Exercise data below:

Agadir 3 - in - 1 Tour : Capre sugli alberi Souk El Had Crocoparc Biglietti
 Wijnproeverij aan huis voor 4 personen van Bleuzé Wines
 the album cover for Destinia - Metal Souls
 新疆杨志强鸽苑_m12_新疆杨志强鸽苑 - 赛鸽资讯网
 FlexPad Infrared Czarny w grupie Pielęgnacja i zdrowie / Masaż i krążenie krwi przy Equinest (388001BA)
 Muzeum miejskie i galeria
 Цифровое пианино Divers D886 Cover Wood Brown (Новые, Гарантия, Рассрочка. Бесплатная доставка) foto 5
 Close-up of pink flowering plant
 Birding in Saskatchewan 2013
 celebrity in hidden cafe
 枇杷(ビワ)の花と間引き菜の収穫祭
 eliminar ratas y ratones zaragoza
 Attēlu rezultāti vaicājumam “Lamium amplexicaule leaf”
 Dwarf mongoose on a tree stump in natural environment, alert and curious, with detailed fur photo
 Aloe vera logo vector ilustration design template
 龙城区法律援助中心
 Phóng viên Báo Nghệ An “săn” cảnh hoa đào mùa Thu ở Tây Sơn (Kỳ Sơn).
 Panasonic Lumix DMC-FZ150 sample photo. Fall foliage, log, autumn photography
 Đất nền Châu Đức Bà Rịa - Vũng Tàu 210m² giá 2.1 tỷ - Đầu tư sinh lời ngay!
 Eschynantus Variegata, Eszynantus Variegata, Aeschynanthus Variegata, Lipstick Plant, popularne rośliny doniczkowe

End of Exercise data.

- [Problem to solve] Can you quote exactly the lines from the one containing "Đất nền Châu" through the last line of the records above, and nothing else?

- [Answer box]
 Đất nền Châu Đức Bà Rịa - Vũng Tàu 210m² giá 2.1 tỷ - Đầu tư sinh lời ngay!
 Eschynantus Variegata, Eszynantus Variegata, Aeschynanthus Variegata, Lipstick Plant, popularne rośliny doniczkowe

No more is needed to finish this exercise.